FIG. 2 is a perspective view of an outside hinge for connecting an adjacent end and side panel in the crate illustrated in FIG. 1.
FIGS. 3a and 3b are end views of the outside hinge illustrated in FIG. 2.
FIG. 4 is a perspective of a inside hinge for connecting an adjacent side and end panel in the cleated crated illustrated in FIG. 1.
FIGS. 5a and 5b are end views of the inside hinge illustrated in FIG. 4.
FIG. 6 is a plan view of an end panel for use in the cleated crate illustrated in FIG. 1.
FIG. 7 is a side panel for use in the cleated crate illustrated in FIG. 1.
FIG. 8 is a perspective cut-away view of the cleated crate according to the present invention.
FIG. 9 is a end view illustrating an elongate member cut on an oblique line to define the members for the hinges illustrated in FIGS. 2 and 4.
Referring now in more detail to the drawings in which like parts have like identifiers, FIG. 1 is a perspective view of a preferred embodiment of a cleated crate 10 in accordance with the present invention. The cleated crate 10 has a pair of opposing side panels 12, 14 and a pair of opposing end panels 16, 18. The side panels 12, 14 and end panels 16, 18 hingedly connect together with a pair of opposing outside hinges 20, 22 and a pair of opposing inside hinges 24, 26. The hinges 20, 22, 24, and 26 permit the crate 10 to open from a collapsed, knock-down position (as illustrated in FIG. 1) to a squared-open position for attaching to a base to package a heavy durable good (as illustrated in FIG. 8). The crate 10 is shipped in the substantially flat, knocked-down position from the crate manufacturer to the user of the crate. The outside hinges 20, 22 and the inside hinges 24, 26 of the present invention enable the crate 10 to square open quickly, accurately and generally without over-opening to an angle in excess of 90 degrees. The hinges 20, 22, 24 and 26 fold to square-open the crate body as well as to define the four corners of the cleated crate 10.

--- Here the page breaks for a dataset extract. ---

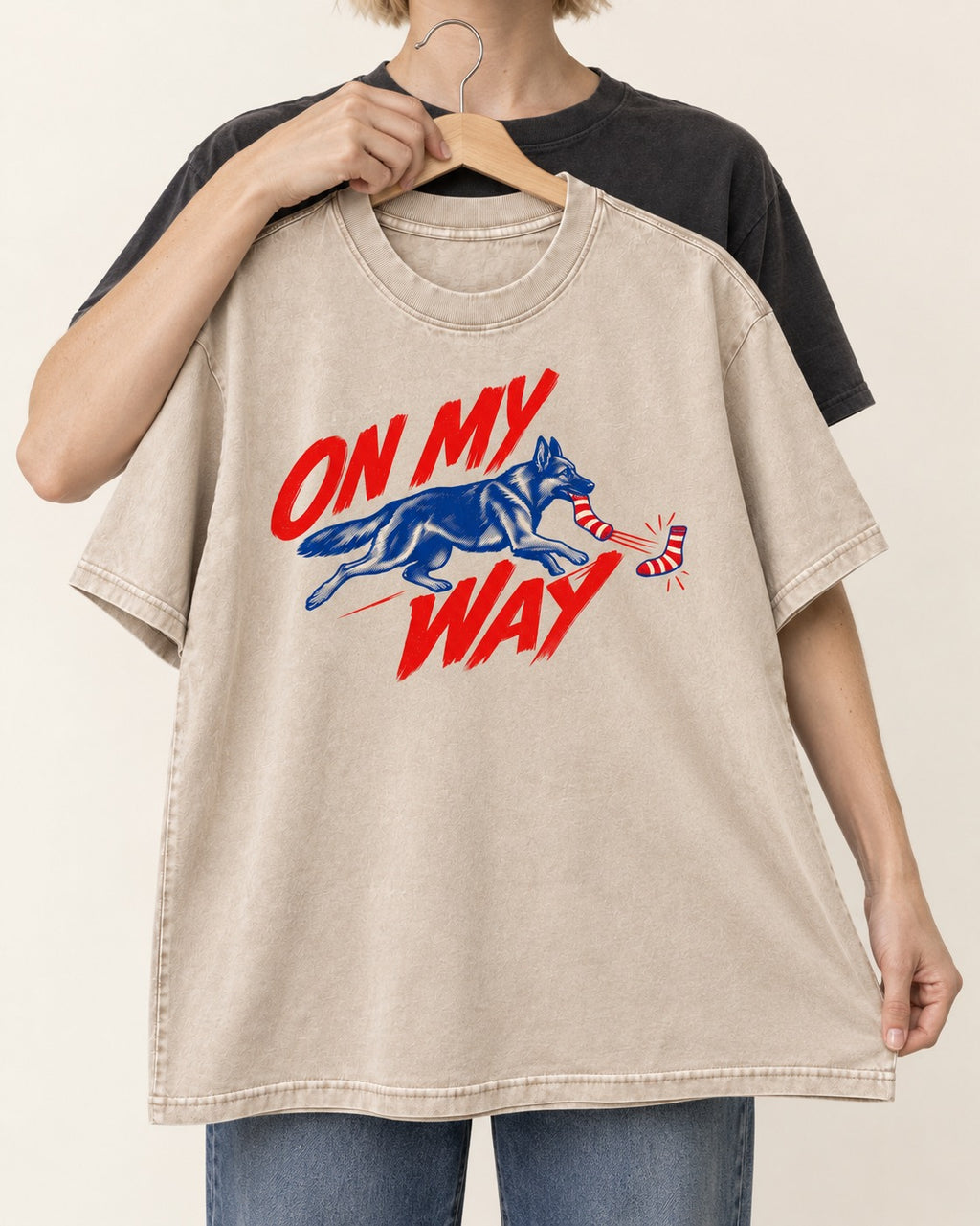 German Shepherd Dog On My Way Sock Chase Graphic Washed Tee in Apricot, held up on a hanger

FIG. 2 is a perspective view of the outside hinge 20, which is identical to the other outside hinge 22. The outside hinge 20 comprises a pair of elongate members 42 and 44. The members 42 and 44 are identical and disposed in facing mirrored relation. The members 42, 44 have a trapezoidal shape in cross-sectional view and define a neck surface 46 and an opposing shoulder surface 48, being named such because the width of the member 42, 44 across the shoulder 48 is wider than across the neck 46. The shoulder 48 has a distal edge 49. The members 42, 44 also each define an oblique surface 50 and an opposing back surface 52 that is disposed at an perpendicular angle to the neck and shoulder faces 46 and 48. The oblique surface 50 preferably defines a 45 degree angle relative to the surface of the shoulder 48.
The outside hinge 20 is defined by the members 42, 44 disposed in mirrored relation, with the necks 46 disposed side-by-side and in contact to one another (as illustrated in end view in FIG. 3a). The facing oblique surfaces 50 of the members 42, 44 define a V-channel 54 on a side of the hinge 20. The members 40 and 42 are joined together by staples 56. The staples are of a conventional U-shape having a pair of legs and a bridge 59. The legs are driven into a respective one of the butt ends 60 of the adjacent members 42, 44. The bridge 59 of the U-shape staple is disposed substantially perpendicular to a line defined by the side-by-side neck surfaces 46. A single staple is driven into the aligned distal butt ends 60 at each distal end of the outside hinge 20. As illustrated in FIG. 3b, the staples permit the outside hinge 20 to pivot from a first position to a second position in order to bring the opposing oblique faces 50 into contact with another while disposing the pair of members 42, 44 at a perpendicular angle to each other in order to define an angled corner post for the cleated crate 10.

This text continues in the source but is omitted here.